Żyjemy w czasach, kiedy młodość oraz piękno to najważniejsze wyznawane wartości. Brzydzimy się zmarszczek i siwych włosów, starość jest dla nas tematem tabu. Jak poradzić sobie z ogólnie panującym kultem młodości?
Przede wszystkim należy zaakceptować siebie. Młodość nie kończy się wraz z osiągnięciem określonego wieku. Młodość to stan umysłu.
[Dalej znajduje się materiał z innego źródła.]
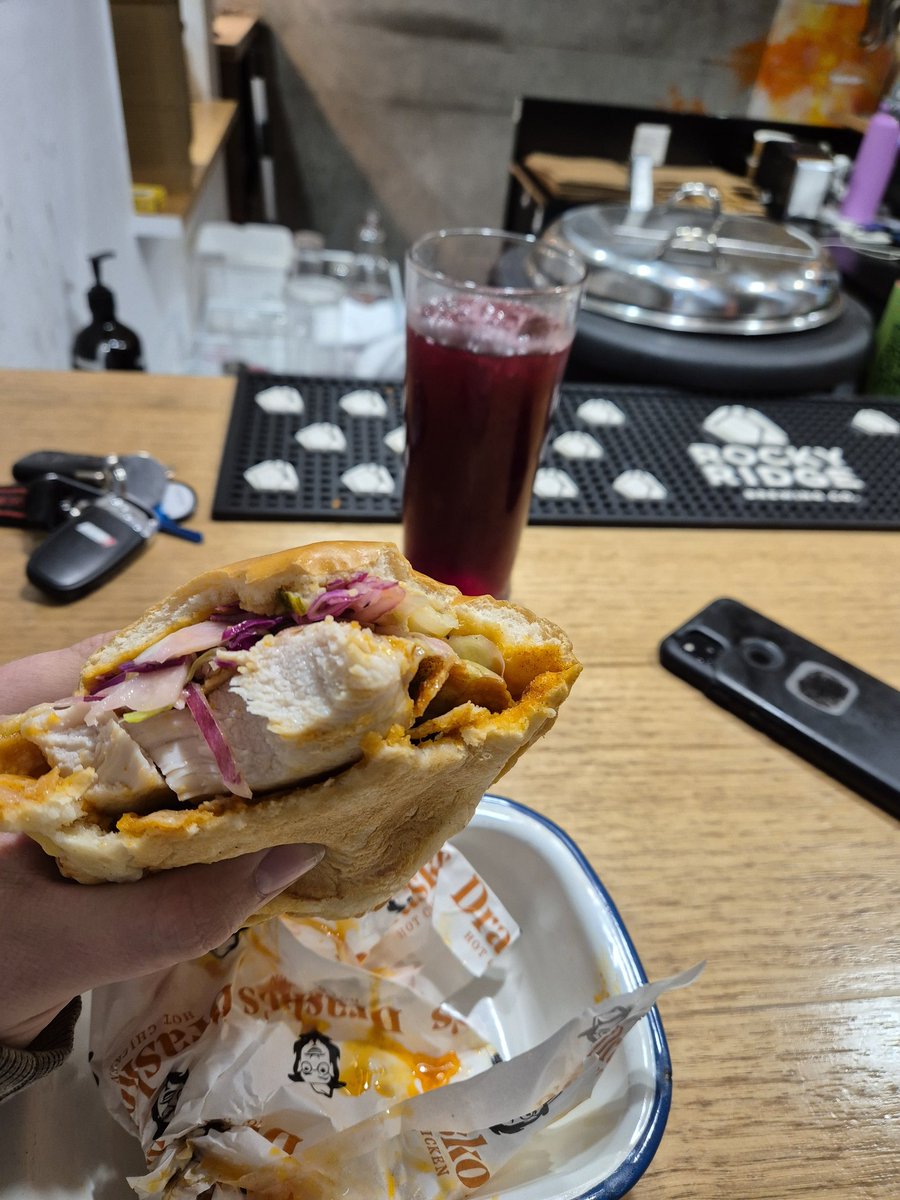 MagicallyWolf's tweet image. I'm pretty sure Drasko's Chicken will be the death of me. They have multiple spice levels, and I can barely handle their second highest level, "hot".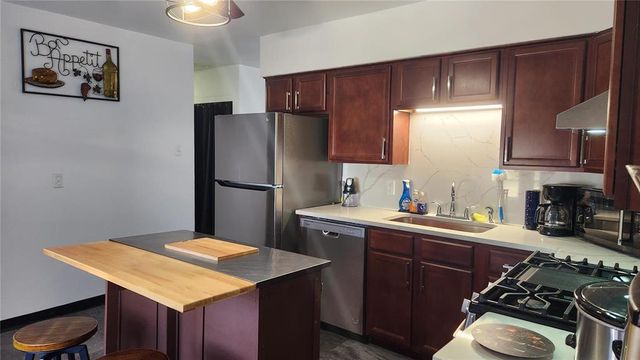 1831 Longford Drive, Saint Louis, MO 63136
Najważniejsze jest, jak się czujemy – mówi psycholog Agnieszka Adamczyk-Musiał. Zamiast sięgać po skalpel lub siedzieć przed telewizorem i zrzędzić, warto zadbać o swoje zdrowie fizyczne i psychiczne.
W pułapkę kultu młodości głównie wpadają osoby niedowartościowane, mające problemy z pewnością siebie. Za wszelką cenę chcą nadążać za panującymi trendami, przez co często narażają się na śmieszność – dodaje psycholożka
Jak wynika z badań CBOS, Polacy czują się młodzi do 37 roku życia. Co potem? Dojrzałość i starość, której tak bardzo się boimy.
Na osoby starsze kult młodości ma tymczasem szczególnie negatywny wpływ. Jeśli patrzą one na świat przez pryzmat rozwijających się technologii, czują się niepotrzebne – wyjaśnia ekspertka.
A przecież to od seniorów warto się uczyć, jak żyć – jak nie gonić bez opamiętania za pieniędzmi, przyjemnościami i młodością.